Well, he actually is being deluged, and one of the most recent pieces of paper is a set of "science must lead" principles cobbled together by a coalition of environmental groups (with input from investor watchdogs and low-income organizations). It's the "National Call to Action on Global Warming." Martin Luther posted his theses on the church door, but this is 2009 so you can read this one here (pdf).
According to Environment America Federal Global Warming Program Director Emily Figdor, "This is our chance to get it right.
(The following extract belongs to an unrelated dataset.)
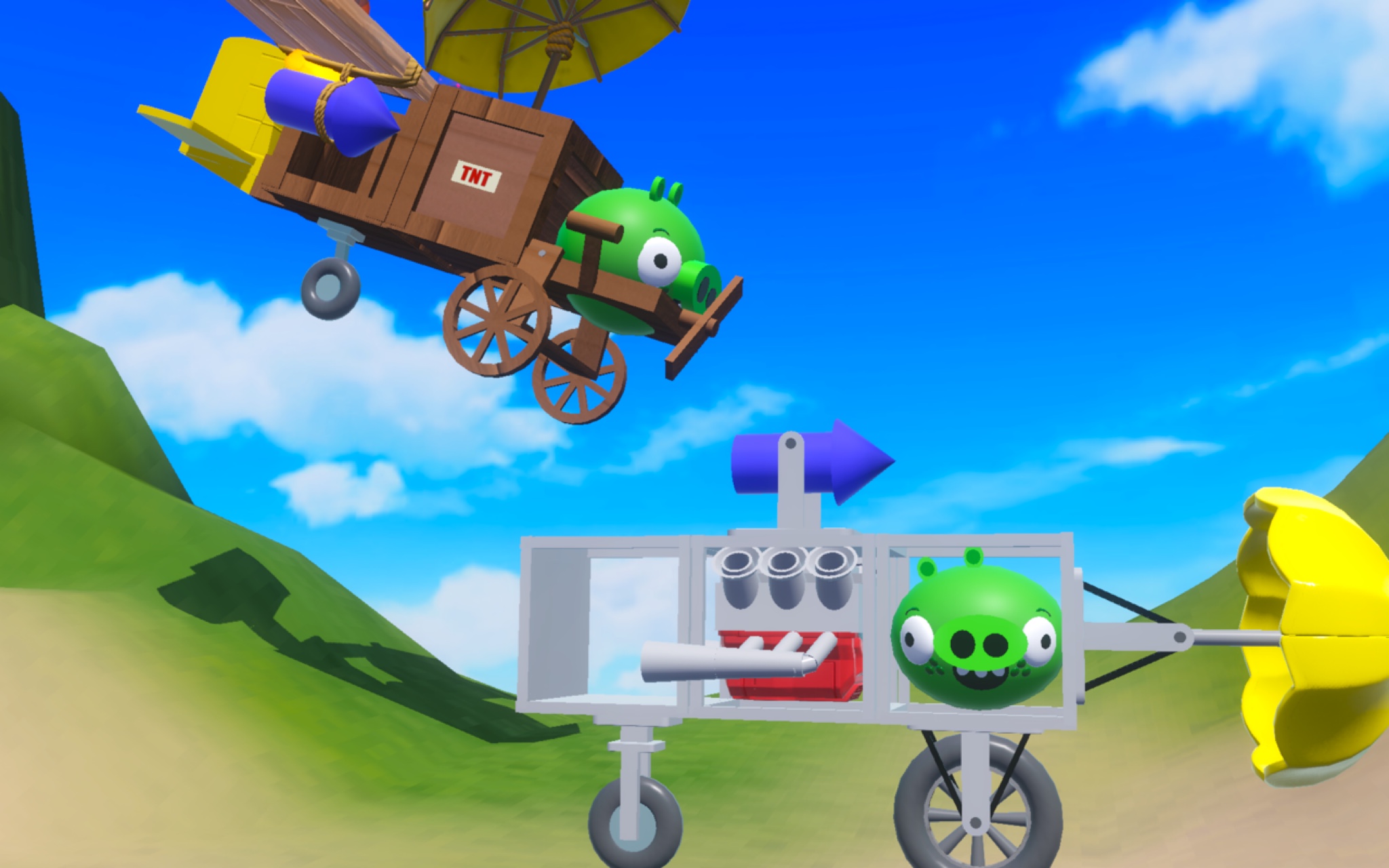 捣蛋猪大战僵尸手机版(捣蛋猪手机版超大沙盒下载)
As the President and Congress develop the details of their plan, we urge them to put science first."
Since most people look at Vanity Fair for the Annie Leibovitz photos and don't read the articles, you may have missed an article in the February issue that, in oral history form, outlines the misdeeds of the Bush Administration. One of the more damning indictments comes from Rick Piltz, a former senior associate director at Bush's Climate Change Science Program.
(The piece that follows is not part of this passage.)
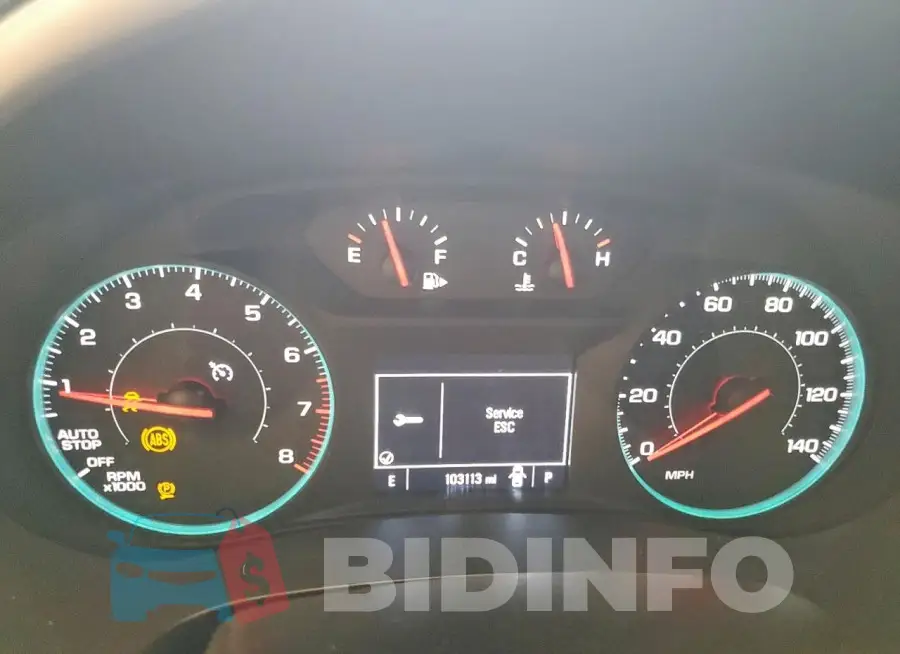 1G1ZD5ST7PF131541 Photo# 9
Piltz resigned from that snakepit in March 2005. Now he heads Climate Science Watch, a program of the whistleblowing Government Accountability Project. The Daily Green reached Piltz in Washington.
According to Piltz, Bush's first EPA chief, Christie Todd Whitman, went to Europe early in the early days of the administration and told European leaders that the U.S. would take a proactive approach to global warming (as Bush himself had promised during the campaign). "But when Whitman got back and started talking about climate change, Bush told her, 'We're not going there,'' Piltz said. "A number of senators, including Chuck Hagel [R-Nebraska] had written to the President on the issue, and Cheney ginned up a response reassuring them. Whitman has said she went into the Oval Office at the same time Cheney was coming out -- Cheney had basically cut her off at the knees."
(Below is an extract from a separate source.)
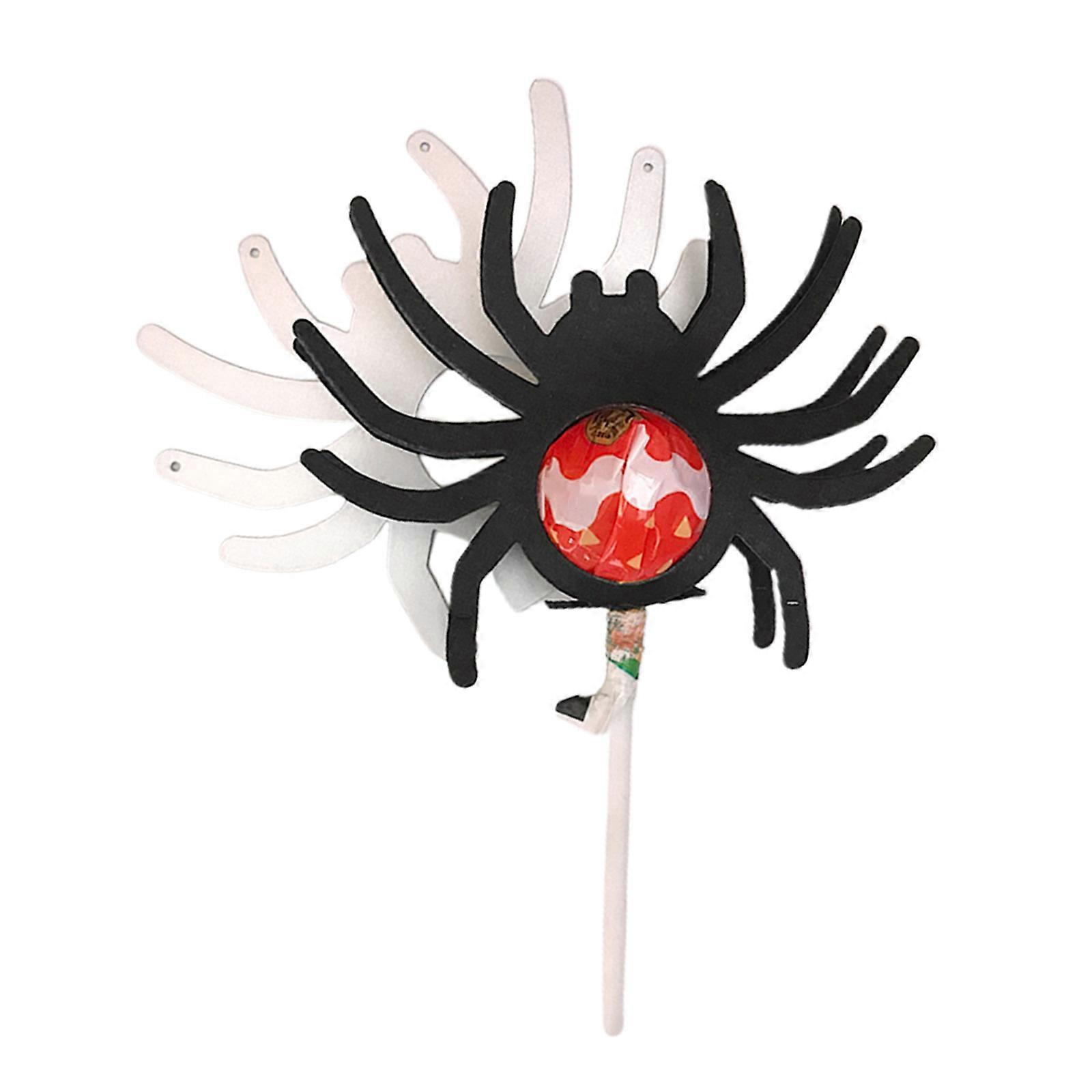 هالوين العنكبوت المصاصة حامل قطع يموت صور ألبوم الديكور اكسسوارات DIY الحرف لمجلة يوميات الديكور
Piltz experienced the political interference directly through Phil Cooney, an oil lobbyist and American Petroleum Institute lawyer who was appointed as chief of staff at the White House Council on Environmental Quality. "He was oil's inside man, with contacts not only with Karl Rove and Cheney's office, but with climate disinformation campaigns at groups like the Competitive Enterprise Institute," Piltz says.
Piltz says he first met Cooney, a lawyer, at a high-level Commerce Department meeting. "We talked briefly, and agreed that climate science was complicated and difficult to get your arms around," Piltz said. "I thought I was meeting a colleague. But it soon became clear that Cooney's motivation was to create a predatory relationship with any kind of scientific uncertainty. If you had a National Academy of Science study making very strong statements suggesting climate change was real, he would ignore all that and in his editing leave in only the uncertainties, trying to create the idea there was a great debate going on among scientists. He wanted to cherry pick statements to play down global warming."
That was then. "This is a new day," says the deputy director of the Union of Concerned Scientists' Climate Program, Lexi Shultz. "It was clear that the last administration was more interested in suppressing scientific information than in crafting policies to respond to climate change and other issues. The Obama administration has mentioned a number of times that science is important. The President has made it clear he understands global warming and the urgency of acting, and we're encouraged by the early signs and have high expectations of action this year."